Gromminger et al. reported a vanishing twin that cfDNA of the demised
co-twin only contributed to a small proportion of total fetal fraction,
presumably because of early pregnancy demise [22]. However, another
case reported by Niles et al. demonstrated different findings, in which
a co-twin demised at 6+1 weeks showed persistent false positive NIPT
results for at least 15 weeks after fetal demise [29]. Our study
added no evidence since the lack of samples with fetal demise at early
pregnancy. Hence, further studies are still needed to explain the effect
of gestational age on residual cfDNA clearance.

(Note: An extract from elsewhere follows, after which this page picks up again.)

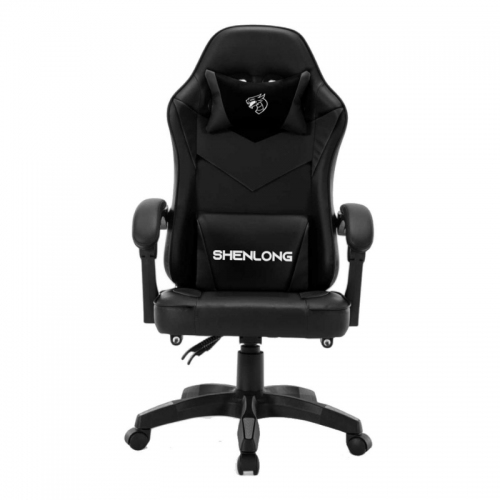 Silla Gamer Shenlong SH-GC135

The fetal demise of a co-twin has been known as an important factor
causing false positive NIPT results [30, 31]. It has been estimated
that a substantial proportion of false positive NIPT results ranging
from 15% to 33% might be caused by the fetal demise of unaware twin
pregnancies [32-34]. A key concern for clinical practice of
providing NIPT service is how long the residual cfDNA from the demise
co-twin remains in maternal circulation, and whether NIPT should be
provided if the fetal demise of a co-twin is identified. Two previous
studies have provided preliminary evidence. Curnow et al. demonstrated
in five vanishing twins that the fetal cfDNA from vanished twins was
detectable at eight weeks after demise [21]. However, their study
was based on retrospective NIPT data of samples known with a fetus
deceased at seven to eight weeks, and thus provided no follow-up of the
rest of pregnancy. Bevilacqua et al. also used fetal reduction of a
trisomic co-twin as a model for natural demise, and reported the
prospective cfDNA testing results in seven cases [26]. However, due
to minimal sampling frequency, although they found transiently
detectable aneuploidy signals at three to eight weeks following
reduction, they could not conclude the predictable patterns of
aneuploidy risk and fetal fraction. In contrast, our study demonstrated
that after fetal reduction, there was a consistent pattern of the change
of fetal trisomy T-score and fetal fraction.
Both the fetal fraction of demised fetus and the trisomy T-score
increased to a peak level at seven to nine weeks after reduction,
possibly because of the increased rate of placental tissue autolysis
after fetus deceased. Although continuous decline after eight weeks
post-reduction, the detectable fetal fraction of demised fetus and
trisomy T-score still lasted from 12 to 16 weeks after reduction, and
even up to 20 weeks post-reduction. This finding is consistent with a
sporadic case showing NIPT false positive results of fetal sex and
aneuploidy at 15 weeks after a demised co-twin [29]. However, this
phenomenon has not been thoroughly proven. Based on our results,
residual cfDNA of fetal demise remained in maternal circulation had a
long-lasting effect on NIPT by inducing false positive results for a
long time of pregnancy. Therefore, the current data does not support
providing NIPT to pregnancies given the identification of fetal demise.